What this task involves. From the line containing "Chico’s The Ultimate" through the last line of the listing, output each line exactly as it stands. Omit pictures.

Source material START

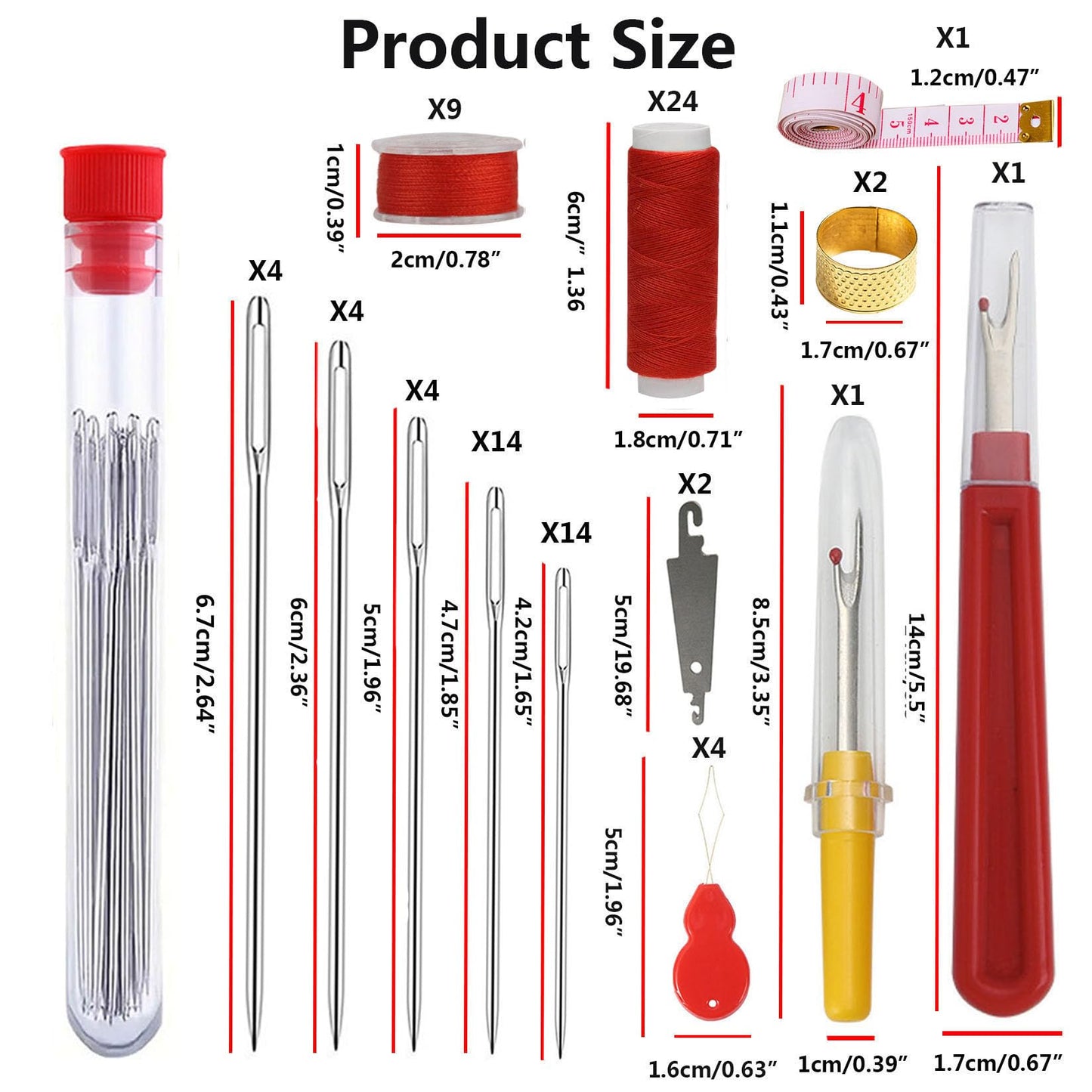 84PCS Sewing Kit 5 Size Big Eye Stainless Steel Needles for Hand Sewing Needle and Thread Kit with Threaders, Bobbins,Thimbles,Seam Rippers Accessories and Supplies Tools for Adults Beginners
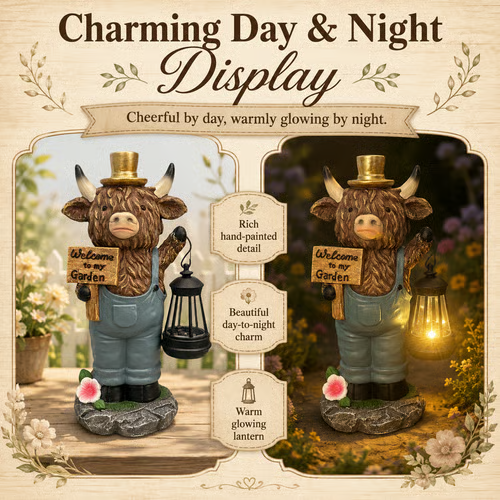 🐂Handcrafted Highland Cow Solar Garden Lantern Statue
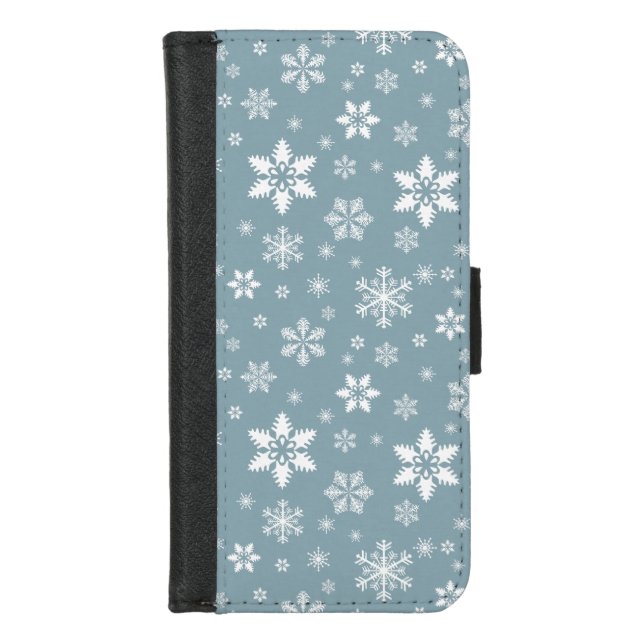 Snowflake Pattern, White Snowflakes, Snow, Gray iPhone Wallet Case (Front)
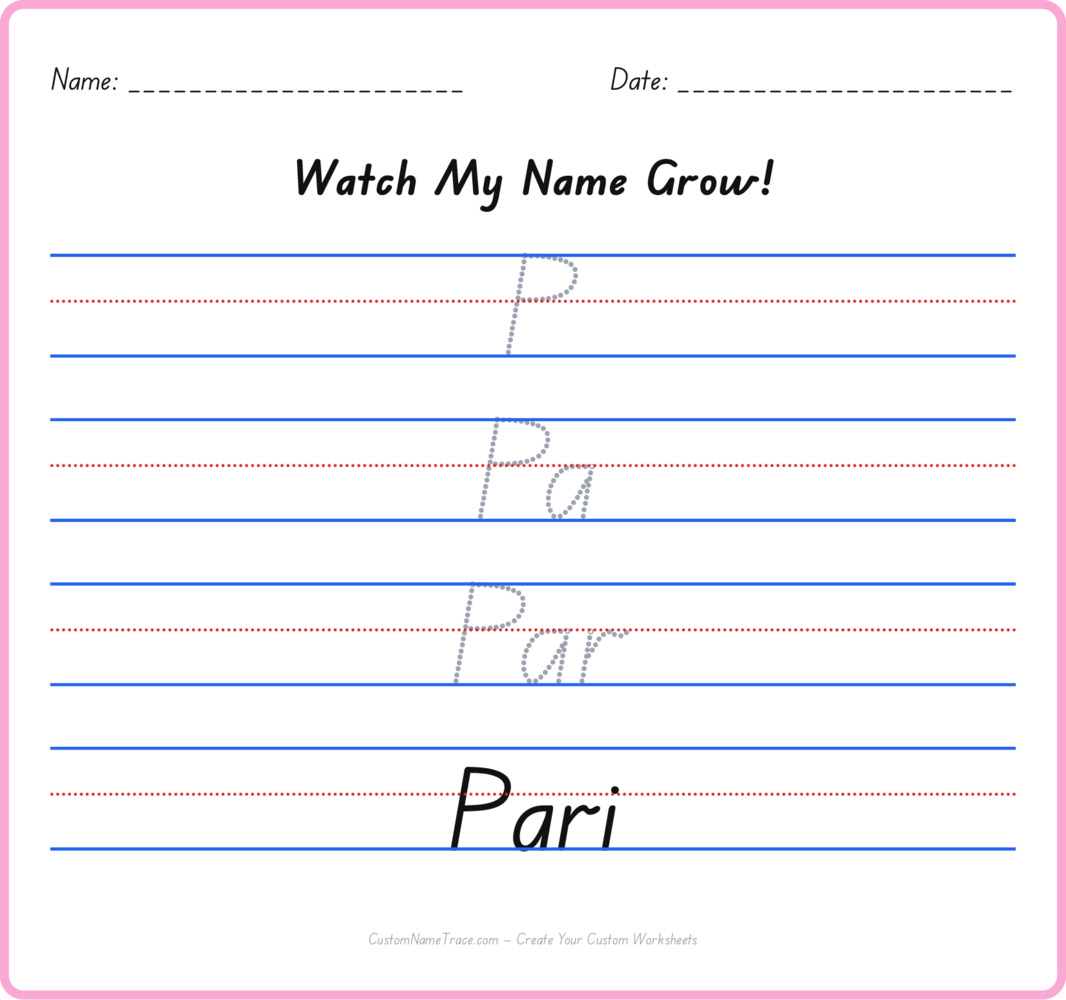 Free Pari custom name tracing - pyramid free worksheet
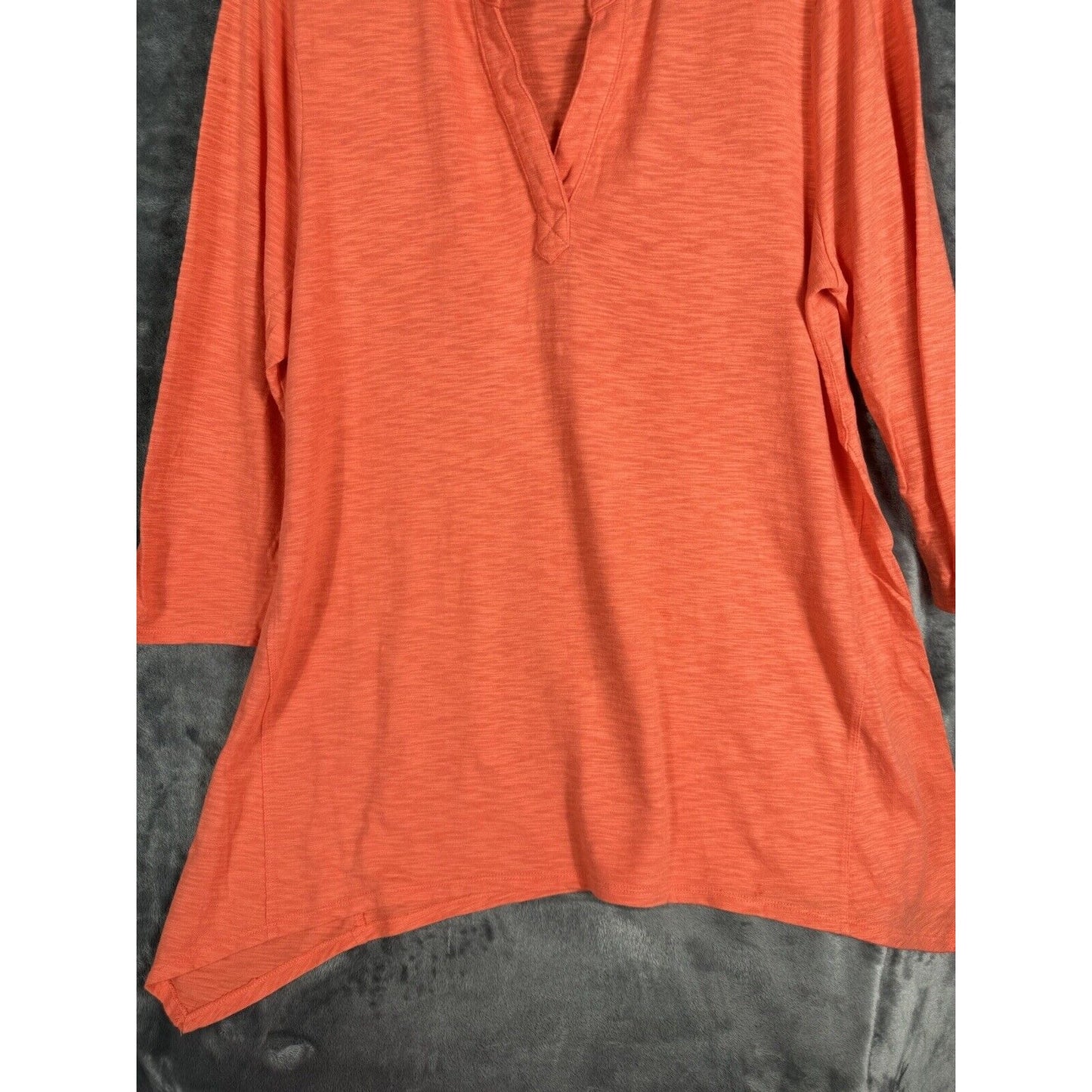Chico’s The Ultimate Tee Women's Top Size 2 Large Orange 3/4 Sleeve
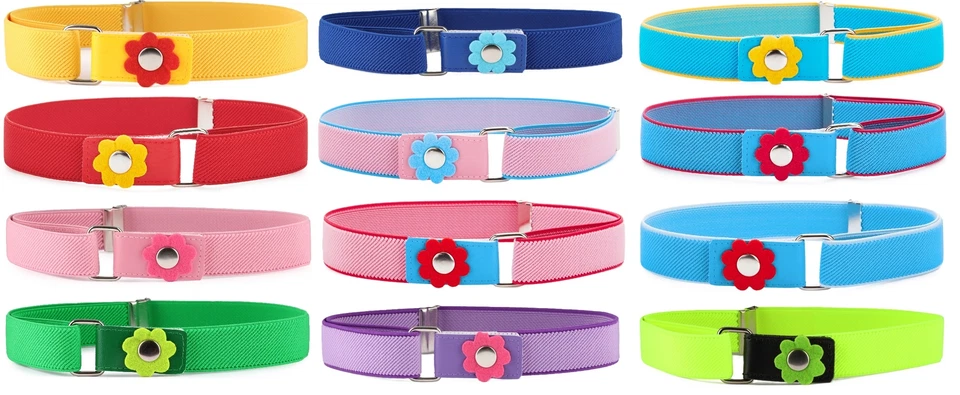 Ladeheid Mädchen Gürtel Elastik-Gürtel 1-6 Jahre 34-65 cm Druckknopfverschluss - Bild 1 von 1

Source material END

Solution for this task.
Chico’s The Ultimate Tee Women's Top Size 2 Large Orange 3/4 Sleeve
 Ladeheid Mädchen Gürtel Elastik-Gürtel 1-6 Jahre 34-65 cm Druckknopfverschluss - Bild 1 von 1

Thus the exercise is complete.